Harper, SMU graduate, spoke about the Wicca religion, spirituality and witchcraft during her lecture at the McCord Auditorium on Wednesday night hosted by the Religious Studies Club. About fifty students, professors and community members came to listen to Harper explain her ideas about religion and her experiences as a witch.
Jill DeTemple, assistant Professor of Religious Studies, thought this event was a great opportunity for student’s to become exposed to fresh ideas about an interesting religion.
“We don’t hear much about Wicca, especially here on the SMU campus and having somebody here who actually practices and can also give more of an academic view is a real treat,” DeTemple said.
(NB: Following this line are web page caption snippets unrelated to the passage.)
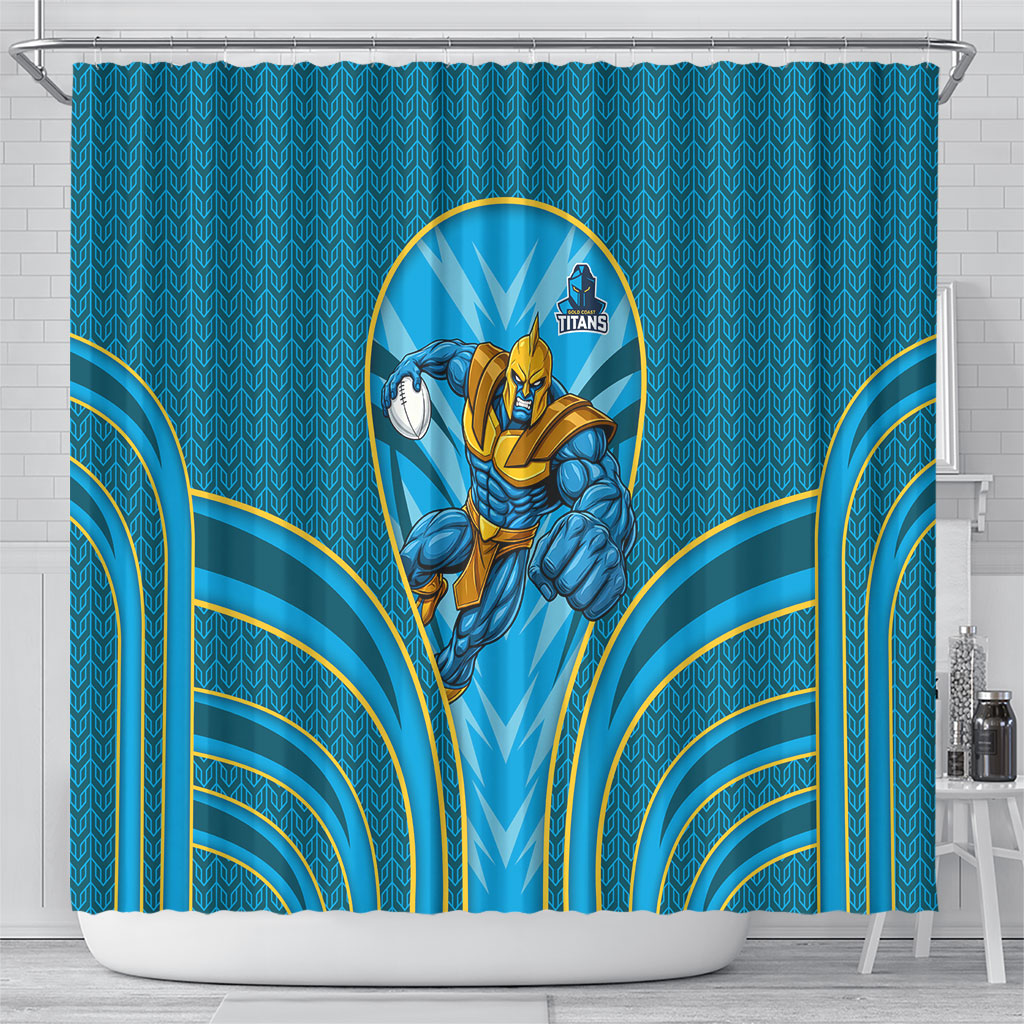 Gold Coast Titans Rugby Mascot Shower Curtain Australian Rugby Culture - Tribal Inspired Warrior Titan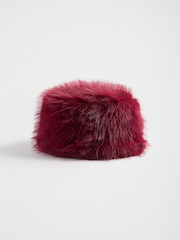 Lipsy Burgundy Red Cosy Faux Fur Pillbox Hat - Image 5 of 7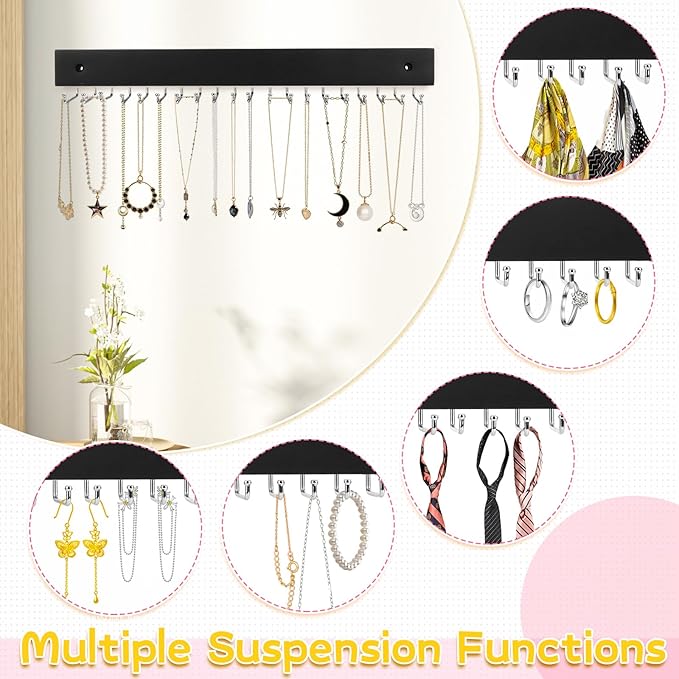 4 Pack Necklace Holder Wall Mount, Hanging Jewelry Organizer with 80 Hooks Total, Space Saving Wooden Necklace Holder for Wall, Necklace Organizer Hanging for Necklaces, Bracelets, Pendant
There are almost 500,000 Pagans and Wiccans practicing in the United States, including many throughout Great Britain and Australia.
What is Wicca?
-Wicca is a modern, nature-based religion
-All Pagans are Wiccans
-Studies of the Neo-pagan movement come from Pre-Christian and indigenous practices
-Magick is a natural phenomenon, a goal and energy
-It is not right to willfully harm someone with Magick
For over ten years, Harper has practiced feminist witchcraft and continues to explore the various theories about Wiccan religion. Almost once a month, she participates in a group practice ritual inside the living room of her 721 square foot apartment.
Everyday, Harper participates in some form of religious practice, whether it is in a yoga class, art project or a prayer. According to Harper, one of the most important aspects of the Wiccan principle is being able to be present in life.
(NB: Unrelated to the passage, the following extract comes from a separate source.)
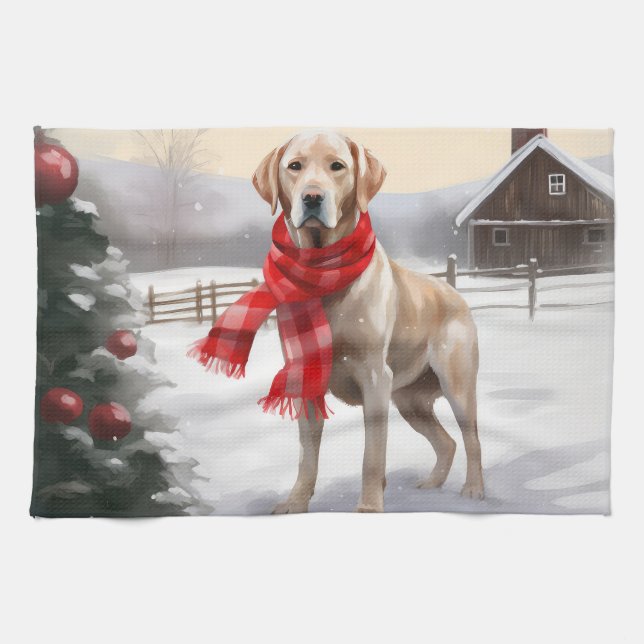 Labradorhund i snö jul kökshandduk (Horisontell)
“It’s the sense of overall awareness and the call to pay attention,” she said. For Harper, these are the feelings that can make the Wiccan religion so special.
Wicca: An often, misunderstood religion
Today, it’s not uncommon for most people to hear about Wicca through a friend or even by word-of-mouth on the street. With the debut of Delaware Republican Senate candidate, Christine O’ Donnell, and her comments about witchcraft, Harper still feels confident in the public’s popularity about Wicca.
“There has been a lot of good stuff from Christine O’ Donnell and its been really good for public education,” Harper said.
While others may have not have taken O’ Donnell’s appearance seriously, more people are continuing to learn about witchcraft ideologies and the process of becoming a witch from the media’s exposure.
Religious Studies Club President and SMU junior, Wesleigh Ogle, hoped that the lecture allowed students to see the importance in learning about all sides of a religion, like Wicca.
“People have preconceived notions about Wicca and with the timeliness of Halloween coming up, I thought it would be an interesting lecture for people to see,” said Ogle.
So for this Halloween season, don’t let the stereotypes about a witch’s costume break the traditions of the Wicca religion.